Patients Speak, AI Listens: LLM-based Analysis of Online Reviews Uncovers Key Drivers for Urgent Care Satisfaction
- URL: http://arxiv.org/abs/2503.20981v1
- Date: Wed, 26 Mar 2025 20:45:01 GMT
- Title: Patients Speak, AI Listens: LLM-based Analysis of Online Reviews Uncovers Key Drivers for Urgent Care Satisfaction
- Authors: Xiaoran Xu, Zhaoqian Xue, Chi Zhang, Jhonatan Medri, Junjie Xiong, Jiayan Zhou, Jin Jin, Yongfeng Zhang, Siyuan Ma, Lingyao Li,
- Abstract summary: This study collects Google Maps reviews across the DMV and Florida areas.<n>We first analyze the geospatial patterns of various aspects, including population density, median income, GINI Index, rent-to-income ratio, household below poverty rate, no insurance rate, and unemployment rate.

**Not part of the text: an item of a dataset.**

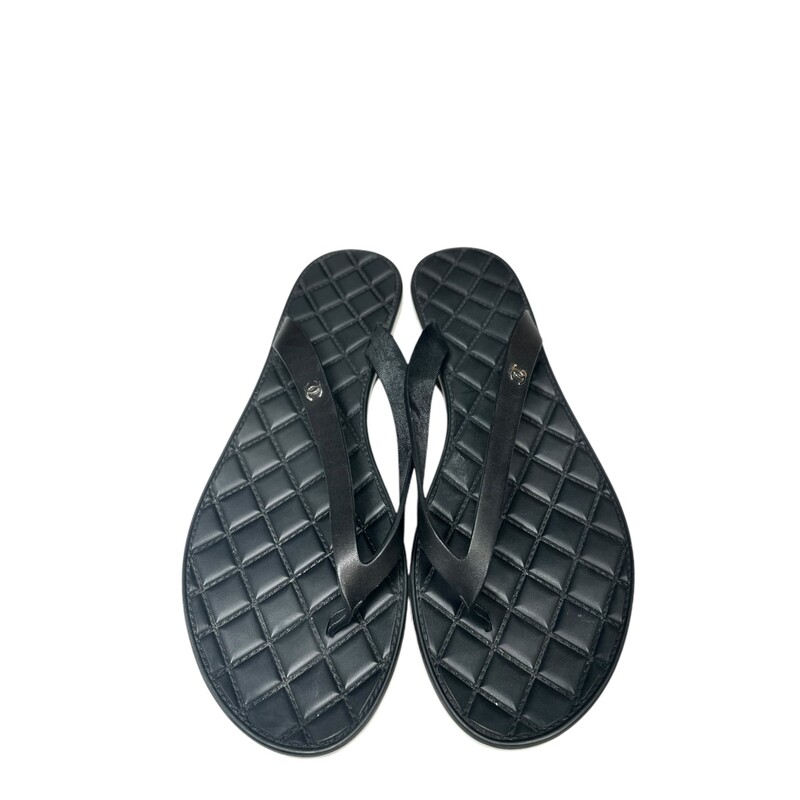 CHANEL Calfskin Rubber Thong Sandals  in Black. These  sandals are crafted of calfskin leather straps with small silver CC logos and soft, quilted lambskin insoles. They feature sturdy rubber soles and a white pinstripe along the circumference of each thong.
Code:FG30778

- Score: 26.391629320279904
- License: http://arxiv.org/licenses/nonexclusive-distrib/1.0/
- Abstract: Investigating the public experience of urgent care facilities is essential for promoting community healthcare development. Traditional survey methods often fall short due to limited scope, time, and spatial coverage. Crowdsourcing through online reviews or social media offers a valuable approach to gaining such insights. With recent advancements in large language models (LLMs), extracting nuanced perceptions from reviews has become feasible. This study collects Google Maps reviews across the DMV and Florida areas and conducts prompt engineering with the GPT model to analyze the aspect-based sentiment of urgent care. We first analyze the geospatial patterns of various aspects, including interpersonal factors, operational efficiency, technical quality, finances, and facilities. Next, we determine Census Block Group(CBG)-level characteristics underpinning differences in public perception, including population density, median income, GINI Index, rent-to-income ratio, household below poverty rate, no insurance rate, and unemployment rate. Our results show that interpersonal factors and operational efficiency emerge as the strongest determinants of patient satisfaction in urgent care, while technical quality, finances, and facilities show no significant independent effects when adjusted for in multivariate models. Among socioeconomic and demographic factors, only population density demonstrates a significant but modest association with patient ratings, while the remaining factors exhibit no significant correlations. Overall, this study highlights the potential of crowdsourcing to uncover the key factors that matter to residents and provide valuable insights for stakeholders to improve public satisfaction with urgent care.